Risch pointed to Russia’s suspension of its New START obligations and its near-complete modernization of its strategic triad–ICBMs, SLBMs, and nuclear-capable bombers–as proof the Kremlin is long past playing by the old rules.
Former presidential arms control envoy Marshall Billingslea echoed that line, telling senators he does “not favor continuing to abide by New START limitations, or negotiation of any other form of militarily significant nuclear limitations, until we have first done our homework,” beginning with a new Nuclear Posture Review.
Democrats pushed the opposite way. To them, the collapse of arms control is precisely why the last remaining treaty must be preserved. Shaheen argued that arms control remains the “only option with a track record of success,” noting that US–Russian strategic arsenals fell from over 40,000 warheads at the Cold War’s peak to fewer than 2,000 deployed today.
Rose Gottemoeller, former Undersecretary of State for arms control, urged a practical middle ground: a one-year extension of New START coupled with a return to full verification, including on-site inspections.
Such a window, she said, would buy Washington critical time to prepare “without the added challenge of a Russian Federation, newly released from New START limitations, embarking on a rapid upload campaign.”
Further complicating the Russia picture is Moscow’s increasingly tight embrace of North Korea.
Risch warned that Russia is “likely providing technical expertise on advanced space and military capabilities” to Pyongyang, trading knowledge for wartime support in Ukraine–an axis with implications far beyond the Donbas.
China catch: Breathtaking pace
Even as Russia commands today’s attention, the committee’s long-term anxiety clearly centers on Beijing.
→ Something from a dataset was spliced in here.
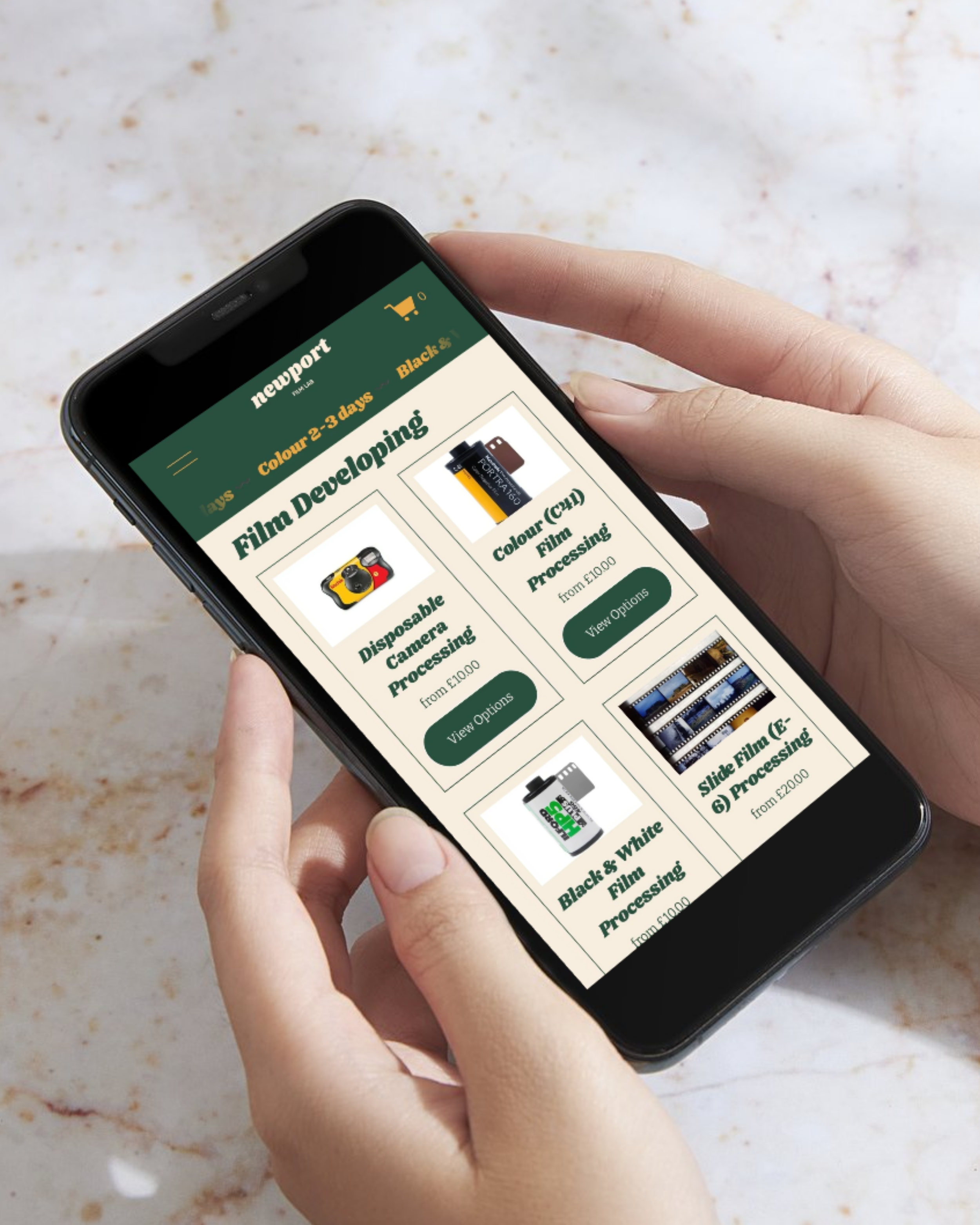 Person holding a smartphone displaying an online film developing store with options for various film processing services, including disposable camera, black and white, color, and slide film processing, with prices listed.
Senators of both parties now treat China as a true nuclear peer–one racing toward parity at a pace unseen in the modern era.
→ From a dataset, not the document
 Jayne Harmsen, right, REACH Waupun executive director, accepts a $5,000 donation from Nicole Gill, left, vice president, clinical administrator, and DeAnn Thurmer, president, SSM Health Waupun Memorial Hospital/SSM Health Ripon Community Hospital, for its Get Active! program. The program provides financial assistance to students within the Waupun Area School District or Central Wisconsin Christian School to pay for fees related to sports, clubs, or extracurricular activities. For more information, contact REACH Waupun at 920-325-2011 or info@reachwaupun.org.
Risch underscored that China exhibits “little to no interest” in arms control and is pursuing the fastest-growing nuclear buildup of any state.
Billingslea’s testimony supplied the most arresting figures: China now fields more than 600 operational warheads, is ahead of schedule to reach 1,000 by 2030, and is on track to reach at least 1,500 by 2035–rivaling the current US and Russian deployed arsenals.
The discovery of three new Chinese ICBM fields, he said, offers unmistakable proof of the scale and intent behind the expansion.
There was broad agreement on one point: the world will eventually need a trilateral framework restraining all three nuclear giants–Russia, China, and the United States.
But agreement ended there. Republicans view the looming New START deadline as leverage to force a new posture. Democrats see it as a bridge to preserve stability until engagement with China becomes possible.
The Commission on the Strategic Posture of the United States has already labeled this moment a “decisive decade,” and senators on both sides made clear they feel the weight of that warning.
Post–Cold War endgame
What emerged from the hearing was a clear consensus on only one thing: the Cold War’s nuclear order is gone.
In its place stands a new great-power contest born of Russia’s war in Ukraine and China’s breakneck buildup.
The real debate now is not whether change is coming, but how Washington should shape it–through renewed arms control, through rapid US modernization, or some uneasy combination of the two.
The clock on New START is ticking fast. Whether the US chooses to extend it, scrap it, or retrofit it for an age of competing nuclear peers will define America’s deterrence strategy for a generation.
And the emerging view on Capitol Hill is that the next era of nuclear doctrine must be built for a world with three rivals, not one–a paradigm shift that will eventually force the White House to decide which threats to prioritize, and which risks to accept.
In other words: the future of the nuclear order may hinge not only on Ukraine’s fate, but on how Washington chooses to rewrite rules that no longer exist.